No, a jednak pan X odwzajemnił zainteresowanie, a raczej wyszedł sam z inicjatywą, chociaż ja nie byłam zbyt otwarta na samym początku. Nie chciałam w ogóle iść na te randkę, gdyby nie INSPIRACJA to bym spać poszła tamtego dnia
Ok, mamy jego zainteresowanie, blisko jest, pocałuje, przytuli, podrapał za uchem, bowiem kotem jestem.

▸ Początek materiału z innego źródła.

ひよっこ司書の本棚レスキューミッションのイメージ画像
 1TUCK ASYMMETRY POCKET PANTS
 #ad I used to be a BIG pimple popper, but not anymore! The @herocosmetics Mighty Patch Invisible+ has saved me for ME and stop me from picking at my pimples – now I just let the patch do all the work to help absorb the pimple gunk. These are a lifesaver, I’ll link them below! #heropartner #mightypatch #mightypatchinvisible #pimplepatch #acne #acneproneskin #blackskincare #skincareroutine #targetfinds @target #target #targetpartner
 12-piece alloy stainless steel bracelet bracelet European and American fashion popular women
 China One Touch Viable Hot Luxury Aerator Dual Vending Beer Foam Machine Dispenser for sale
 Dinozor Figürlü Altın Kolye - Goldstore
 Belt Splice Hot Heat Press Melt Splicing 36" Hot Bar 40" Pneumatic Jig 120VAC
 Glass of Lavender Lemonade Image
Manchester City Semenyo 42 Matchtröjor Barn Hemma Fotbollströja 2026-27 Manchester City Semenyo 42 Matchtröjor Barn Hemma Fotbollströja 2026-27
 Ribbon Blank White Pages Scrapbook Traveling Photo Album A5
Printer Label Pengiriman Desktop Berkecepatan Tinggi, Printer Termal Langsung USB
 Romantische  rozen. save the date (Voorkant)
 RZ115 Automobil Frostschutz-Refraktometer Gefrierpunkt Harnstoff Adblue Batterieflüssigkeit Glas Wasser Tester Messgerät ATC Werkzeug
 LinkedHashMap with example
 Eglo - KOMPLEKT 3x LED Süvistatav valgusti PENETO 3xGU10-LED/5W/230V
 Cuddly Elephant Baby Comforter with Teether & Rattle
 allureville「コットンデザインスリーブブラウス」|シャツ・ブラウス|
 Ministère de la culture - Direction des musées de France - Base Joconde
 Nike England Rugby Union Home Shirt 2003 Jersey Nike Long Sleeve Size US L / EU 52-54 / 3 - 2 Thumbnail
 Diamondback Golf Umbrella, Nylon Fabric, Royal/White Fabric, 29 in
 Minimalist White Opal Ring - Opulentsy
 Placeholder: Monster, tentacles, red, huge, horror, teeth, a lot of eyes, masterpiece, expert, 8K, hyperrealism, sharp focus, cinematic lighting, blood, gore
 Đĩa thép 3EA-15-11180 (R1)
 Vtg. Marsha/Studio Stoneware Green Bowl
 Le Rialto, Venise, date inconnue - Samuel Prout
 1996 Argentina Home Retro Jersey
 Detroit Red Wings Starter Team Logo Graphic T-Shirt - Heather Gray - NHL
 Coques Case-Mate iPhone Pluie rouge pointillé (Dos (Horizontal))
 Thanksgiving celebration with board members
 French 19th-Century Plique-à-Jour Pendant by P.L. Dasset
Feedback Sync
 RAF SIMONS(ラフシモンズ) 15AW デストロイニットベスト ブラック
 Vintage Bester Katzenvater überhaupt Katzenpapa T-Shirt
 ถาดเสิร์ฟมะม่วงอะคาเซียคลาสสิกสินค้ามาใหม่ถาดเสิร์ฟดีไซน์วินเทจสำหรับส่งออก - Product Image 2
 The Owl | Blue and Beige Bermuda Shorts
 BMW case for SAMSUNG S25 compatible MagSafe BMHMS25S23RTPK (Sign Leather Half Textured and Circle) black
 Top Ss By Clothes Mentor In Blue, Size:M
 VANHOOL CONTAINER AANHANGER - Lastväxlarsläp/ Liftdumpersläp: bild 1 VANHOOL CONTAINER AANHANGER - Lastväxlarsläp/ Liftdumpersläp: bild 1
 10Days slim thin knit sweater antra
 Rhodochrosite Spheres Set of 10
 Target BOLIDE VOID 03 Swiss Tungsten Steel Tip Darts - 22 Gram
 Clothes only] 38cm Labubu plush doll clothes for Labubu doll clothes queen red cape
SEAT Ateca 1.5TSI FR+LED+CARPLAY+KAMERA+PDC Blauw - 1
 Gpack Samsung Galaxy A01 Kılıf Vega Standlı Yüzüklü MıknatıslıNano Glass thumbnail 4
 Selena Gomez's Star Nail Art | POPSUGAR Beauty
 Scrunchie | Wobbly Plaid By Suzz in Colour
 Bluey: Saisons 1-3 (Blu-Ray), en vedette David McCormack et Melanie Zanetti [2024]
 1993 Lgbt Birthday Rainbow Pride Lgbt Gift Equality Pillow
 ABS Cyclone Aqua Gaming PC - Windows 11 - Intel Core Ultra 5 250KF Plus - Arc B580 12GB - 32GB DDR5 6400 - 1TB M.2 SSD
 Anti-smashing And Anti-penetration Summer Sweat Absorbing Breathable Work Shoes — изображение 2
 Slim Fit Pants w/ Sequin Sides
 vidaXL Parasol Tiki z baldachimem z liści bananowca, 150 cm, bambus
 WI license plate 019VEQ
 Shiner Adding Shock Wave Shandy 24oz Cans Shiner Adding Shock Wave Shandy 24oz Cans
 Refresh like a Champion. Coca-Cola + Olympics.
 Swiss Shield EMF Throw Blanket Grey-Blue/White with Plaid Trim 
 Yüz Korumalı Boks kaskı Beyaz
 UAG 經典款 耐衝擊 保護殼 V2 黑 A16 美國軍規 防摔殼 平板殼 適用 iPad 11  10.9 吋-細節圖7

I tutaj drugie przekonanie: chłopak, o którym pomyślałam, że mogę coś do niego poczuć bez jego wcześniejszej deklaracji, że on sam coś czuje na pewno do mnie nic nie poczuje.
Mnie facet może na rękach nosić, ale we mnie jest ten chochlik, który mówi "no a może to tak dla zabawy, bo jest samotny, a potem pozna miłość swojego życia i nara".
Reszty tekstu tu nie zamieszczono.